I'm greatly appreciative of all the work that's gone into npm, so I apologize to anyone who might feel disrespected by my comments.

Unfortunately, I guess I let my real feelings spill out about this particular issue. The claim that you should only ever need one version of a dependency seems absurdly near-sighted to me in today's world of deeply nested graphs of rapidly updating dependencies with breaking changes.

I remember reading this post way back when from @isaacs on Jan 22, 2015, which permanently closed the issue:

I don't think that we need new fanciness for this. It's a rare edge case, and a confusing thing to implement in a general way.

This post did not raise any real technical concerns or explain what is so difficult. It was just a raw, unfiltered opinion from one person that shut everything down for everybody. From what I can tell, this seems to be not-even-on-the-radar for the people actually writing code for the project, because it is a "closed" issue. Put this on a roadmap and we might see some real progress and some practical solutions.

In a later comment @isaacs adds

If someone has a dozen or a hundred actual use cases today for this, then let's investigate further. But what I'm hearing so far is a lot of engineering solutions for a very small one-off problem that only a few people have.

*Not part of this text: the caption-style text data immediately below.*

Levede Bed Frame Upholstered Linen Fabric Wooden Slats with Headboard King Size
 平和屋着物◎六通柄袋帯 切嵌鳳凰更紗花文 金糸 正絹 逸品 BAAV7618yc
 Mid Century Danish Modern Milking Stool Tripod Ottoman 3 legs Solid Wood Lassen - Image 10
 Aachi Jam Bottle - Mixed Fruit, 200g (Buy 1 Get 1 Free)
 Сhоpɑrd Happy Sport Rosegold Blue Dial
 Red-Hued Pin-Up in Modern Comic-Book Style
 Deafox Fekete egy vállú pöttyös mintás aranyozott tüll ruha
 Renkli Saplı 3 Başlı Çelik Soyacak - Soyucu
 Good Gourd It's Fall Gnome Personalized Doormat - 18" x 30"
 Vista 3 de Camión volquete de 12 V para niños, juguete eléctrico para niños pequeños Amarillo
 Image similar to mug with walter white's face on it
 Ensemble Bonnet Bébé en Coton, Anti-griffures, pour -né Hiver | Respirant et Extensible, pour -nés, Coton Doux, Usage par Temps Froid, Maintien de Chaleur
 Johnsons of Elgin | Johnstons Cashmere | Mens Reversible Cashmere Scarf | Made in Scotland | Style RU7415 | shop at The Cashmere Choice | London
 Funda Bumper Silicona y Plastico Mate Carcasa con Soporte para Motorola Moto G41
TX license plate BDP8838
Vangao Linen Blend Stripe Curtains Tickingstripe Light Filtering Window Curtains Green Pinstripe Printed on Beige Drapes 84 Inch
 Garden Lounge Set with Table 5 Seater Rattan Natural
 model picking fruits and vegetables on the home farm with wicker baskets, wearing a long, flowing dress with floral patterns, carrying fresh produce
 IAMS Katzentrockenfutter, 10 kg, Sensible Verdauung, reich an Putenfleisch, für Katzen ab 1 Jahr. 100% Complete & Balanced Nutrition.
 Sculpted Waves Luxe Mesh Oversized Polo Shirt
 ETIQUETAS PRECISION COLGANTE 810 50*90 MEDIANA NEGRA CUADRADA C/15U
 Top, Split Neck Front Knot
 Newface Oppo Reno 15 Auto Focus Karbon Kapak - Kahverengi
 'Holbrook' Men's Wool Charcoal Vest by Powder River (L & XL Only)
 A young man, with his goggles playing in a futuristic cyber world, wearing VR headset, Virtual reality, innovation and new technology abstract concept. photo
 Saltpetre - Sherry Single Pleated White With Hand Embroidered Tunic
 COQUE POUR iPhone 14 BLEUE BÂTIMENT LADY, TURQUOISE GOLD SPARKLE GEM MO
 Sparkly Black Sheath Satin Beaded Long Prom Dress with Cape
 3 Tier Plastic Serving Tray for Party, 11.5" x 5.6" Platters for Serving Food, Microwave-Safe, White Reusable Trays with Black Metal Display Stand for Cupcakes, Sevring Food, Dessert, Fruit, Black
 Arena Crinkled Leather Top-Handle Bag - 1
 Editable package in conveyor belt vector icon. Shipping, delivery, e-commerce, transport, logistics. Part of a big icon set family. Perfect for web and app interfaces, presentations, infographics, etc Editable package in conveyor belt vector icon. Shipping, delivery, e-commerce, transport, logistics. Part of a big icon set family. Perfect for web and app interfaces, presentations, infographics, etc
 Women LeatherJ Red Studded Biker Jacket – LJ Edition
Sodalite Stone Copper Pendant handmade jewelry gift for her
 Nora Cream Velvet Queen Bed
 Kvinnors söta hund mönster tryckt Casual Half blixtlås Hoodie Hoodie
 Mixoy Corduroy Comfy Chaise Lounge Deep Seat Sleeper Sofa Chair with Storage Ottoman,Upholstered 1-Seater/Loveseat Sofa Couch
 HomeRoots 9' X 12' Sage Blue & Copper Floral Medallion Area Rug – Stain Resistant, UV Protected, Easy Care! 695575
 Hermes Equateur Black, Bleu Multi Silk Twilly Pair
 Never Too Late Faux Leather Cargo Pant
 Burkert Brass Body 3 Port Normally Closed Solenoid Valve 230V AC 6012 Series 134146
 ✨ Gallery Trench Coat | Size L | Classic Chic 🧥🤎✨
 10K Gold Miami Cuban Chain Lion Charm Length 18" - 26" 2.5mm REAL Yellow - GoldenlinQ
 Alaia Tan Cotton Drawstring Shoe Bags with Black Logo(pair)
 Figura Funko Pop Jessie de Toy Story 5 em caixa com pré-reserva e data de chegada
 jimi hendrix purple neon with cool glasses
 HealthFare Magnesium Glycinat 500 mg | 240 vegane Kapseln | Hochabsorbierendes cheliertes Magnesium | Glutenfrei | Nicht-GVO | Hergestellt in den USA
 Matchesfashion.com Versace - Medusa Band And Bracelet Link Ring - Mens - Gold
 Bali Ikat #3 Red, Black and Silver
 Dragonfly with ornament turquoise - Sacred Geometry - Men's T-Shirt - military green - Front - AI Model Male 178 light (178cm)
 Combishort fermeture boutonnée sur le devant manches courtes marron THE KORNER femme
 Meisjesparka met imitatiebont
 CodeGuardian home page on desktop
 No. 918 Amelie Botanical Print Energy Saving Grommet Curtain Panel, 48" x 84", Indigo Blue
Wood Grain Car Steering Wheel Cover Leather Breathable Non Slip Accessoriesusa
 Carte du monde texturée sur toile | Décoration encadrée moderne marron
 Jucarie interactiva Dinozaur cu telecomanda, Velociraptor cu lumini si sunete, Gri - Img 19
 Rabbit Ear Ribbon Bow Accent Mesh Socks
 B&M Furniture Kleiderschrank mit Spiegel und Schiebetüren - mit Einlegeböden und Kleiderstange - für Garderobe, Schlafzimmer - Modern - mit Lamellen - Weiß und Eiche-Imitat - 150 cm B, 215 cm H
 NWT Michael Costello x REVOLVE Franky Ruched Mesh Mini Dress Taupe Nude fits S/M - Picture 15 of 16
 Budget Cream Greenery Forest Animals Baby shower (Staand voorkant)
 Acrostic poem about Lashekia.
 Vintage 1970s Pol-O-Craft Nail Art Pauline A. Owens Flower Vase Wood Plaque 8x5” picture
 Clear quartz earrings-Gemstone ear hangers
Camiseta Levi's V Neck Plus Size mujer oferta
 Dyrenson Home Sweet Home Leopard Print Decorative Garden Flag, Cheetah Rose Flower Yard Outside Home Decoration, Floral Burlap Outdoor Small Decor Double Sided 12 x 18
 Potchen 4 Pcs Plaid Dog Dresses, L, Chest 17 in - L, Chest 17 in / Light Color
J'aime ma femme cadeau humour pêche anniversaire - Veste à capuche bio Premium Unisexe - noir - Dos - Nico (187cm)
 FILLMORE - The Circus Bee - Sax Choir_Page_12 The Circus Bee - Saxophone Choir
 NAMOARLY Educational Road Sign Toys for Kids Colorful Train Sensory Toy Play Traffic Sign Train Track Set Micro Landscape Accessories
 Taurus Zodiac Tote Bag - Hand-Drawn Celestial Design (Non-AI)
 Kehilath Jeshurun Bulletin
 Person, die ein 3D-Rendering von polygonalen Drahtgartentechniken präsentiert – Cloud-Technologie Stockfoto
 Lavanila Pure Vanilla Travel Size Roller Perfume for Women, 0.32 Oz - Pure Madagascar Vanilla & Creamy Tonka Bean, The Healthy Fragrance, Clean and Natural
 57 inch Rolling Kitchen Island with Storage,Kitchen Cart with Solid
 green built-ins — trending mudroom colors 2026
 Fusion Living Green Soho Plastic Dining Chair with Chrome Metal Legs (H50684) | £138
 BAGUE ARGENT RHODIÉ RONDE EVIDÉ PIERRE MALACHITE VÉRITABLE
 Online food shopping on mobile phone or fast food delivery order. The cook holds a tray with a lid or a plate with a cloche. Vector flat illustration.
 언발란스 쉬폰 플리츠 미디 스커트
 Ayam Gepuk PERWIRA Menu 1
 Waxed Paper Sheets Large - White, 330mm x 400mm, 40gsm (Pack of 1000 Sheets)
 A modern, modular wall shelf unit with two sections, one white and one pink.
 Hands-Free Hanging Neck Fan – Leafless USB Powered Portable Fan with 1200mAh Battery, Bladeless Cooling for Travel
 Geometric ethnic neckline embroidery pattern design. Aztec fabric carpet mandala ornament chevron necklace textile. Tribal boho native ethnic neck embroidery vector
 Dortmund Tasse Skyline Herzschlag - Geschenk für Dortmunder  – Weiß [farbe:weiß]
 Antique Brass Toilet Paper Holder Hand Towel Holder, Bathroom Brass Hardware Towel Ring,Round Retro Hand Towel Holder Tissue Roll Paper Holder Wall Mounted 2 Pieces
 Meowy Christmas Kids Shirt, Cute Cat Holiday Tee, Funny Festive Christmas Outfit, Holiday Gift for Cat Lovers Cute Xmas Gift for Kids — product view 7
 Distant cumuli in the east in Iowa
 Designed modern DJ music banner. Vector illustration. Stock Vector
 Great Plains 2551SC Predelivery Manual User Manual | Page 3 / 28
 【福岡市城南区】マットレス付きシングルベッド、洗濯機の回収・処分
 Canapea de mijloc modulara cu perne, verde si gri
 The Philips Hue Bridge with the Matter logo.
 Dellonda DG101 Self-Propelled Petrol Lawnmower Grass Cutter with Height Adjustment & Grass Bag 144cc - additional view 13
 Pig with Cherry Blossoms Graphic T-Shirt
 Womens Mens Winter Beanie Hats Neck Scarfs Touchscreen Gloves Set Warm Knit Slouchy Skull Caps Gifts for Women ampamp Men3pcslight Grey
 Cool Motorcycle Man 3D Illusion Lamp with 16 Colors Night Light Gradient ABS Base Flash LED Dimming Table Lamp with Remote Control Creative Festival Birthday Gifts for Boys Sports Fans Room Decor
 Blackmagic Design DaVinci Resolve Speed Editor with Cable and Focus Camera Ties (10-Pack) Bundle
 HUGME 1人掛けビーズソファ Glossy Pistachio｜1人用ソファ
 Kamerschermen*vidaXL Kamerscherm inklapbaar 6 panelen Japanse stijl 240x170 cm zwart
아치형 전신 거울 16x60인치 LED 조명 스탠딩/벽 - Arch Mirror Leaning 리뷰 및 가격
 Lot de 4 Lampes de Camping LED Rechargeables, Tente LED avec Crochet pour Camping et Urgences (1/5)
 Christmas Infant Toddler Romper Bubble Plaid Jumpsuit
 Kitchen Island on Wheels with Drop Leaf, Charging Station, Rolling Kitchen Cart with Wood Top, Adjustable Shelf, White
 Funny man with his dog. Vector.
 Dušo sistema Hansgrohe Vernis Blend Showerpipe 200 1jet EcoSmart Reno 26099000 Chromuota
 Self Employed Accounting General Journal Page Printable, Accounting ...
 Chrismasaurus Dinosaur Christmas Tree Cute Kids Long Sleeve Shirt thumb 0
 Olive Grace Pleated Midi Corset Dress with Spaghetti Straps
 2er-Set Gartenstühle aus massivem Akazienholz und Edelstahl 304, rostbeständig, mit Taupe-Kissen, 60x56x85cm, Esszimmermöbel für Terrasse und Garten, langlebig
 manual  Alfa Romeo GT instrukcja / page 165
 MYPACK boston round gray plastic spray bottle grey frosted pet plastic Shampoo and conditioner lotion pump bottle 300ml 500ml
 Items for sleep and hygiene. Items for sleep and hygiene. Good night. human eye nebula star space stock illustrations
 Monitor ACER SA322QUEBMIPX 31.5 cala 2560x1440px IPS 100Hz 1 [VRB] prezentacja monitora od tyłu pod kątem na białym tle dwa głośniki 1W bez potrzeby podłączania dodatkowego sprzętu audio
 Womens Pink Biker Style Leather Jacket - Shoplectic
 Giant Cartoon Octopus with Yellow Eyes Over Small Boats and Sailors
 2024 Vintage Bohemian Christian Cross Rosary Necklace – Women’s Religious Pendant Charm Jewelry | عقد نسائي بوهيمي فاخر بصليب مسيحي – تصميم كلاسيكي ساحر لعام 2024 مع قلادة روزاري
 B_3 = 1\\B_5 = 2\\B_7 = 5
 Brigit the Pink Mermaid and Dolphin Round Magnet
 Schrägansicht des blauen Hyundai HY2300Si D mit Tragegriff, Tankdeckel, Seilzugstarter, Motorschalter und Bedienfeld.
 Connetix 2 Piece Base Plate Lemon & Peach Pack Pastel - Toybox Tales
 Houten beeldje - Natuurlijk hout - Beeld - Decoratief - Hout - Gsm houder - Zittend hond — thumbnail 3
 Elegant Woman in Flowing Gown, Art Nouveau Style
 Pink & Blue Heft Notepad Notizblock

The community has filled this thread to the brim with numerous use-cases, but the issue remains closed and seemingly ignored.


If you think that there is a particular solution (either discussed above or not yet explored) that is robust enough to overcome these well-explained technical barriers, then I would kindly ask that you contribute to the technical discussion by explaining why the solution is adequate.

I added a proposal in June 2015 on how to deal with the overall technical problems, which nobody ever raised any concerns against.

I propose something like npm install --save-common lodash@1 or npm install --save-common-dev lodash@1.
Npm would at that point:

  1. Install the module into a folder with the version number appended to the name
  2. Replace all matching modules in the dependency tree with symlinks to the versioned module.
  3. Mark it in as a common dependency in package.json using token characters, so npm install would be able to replicate the process.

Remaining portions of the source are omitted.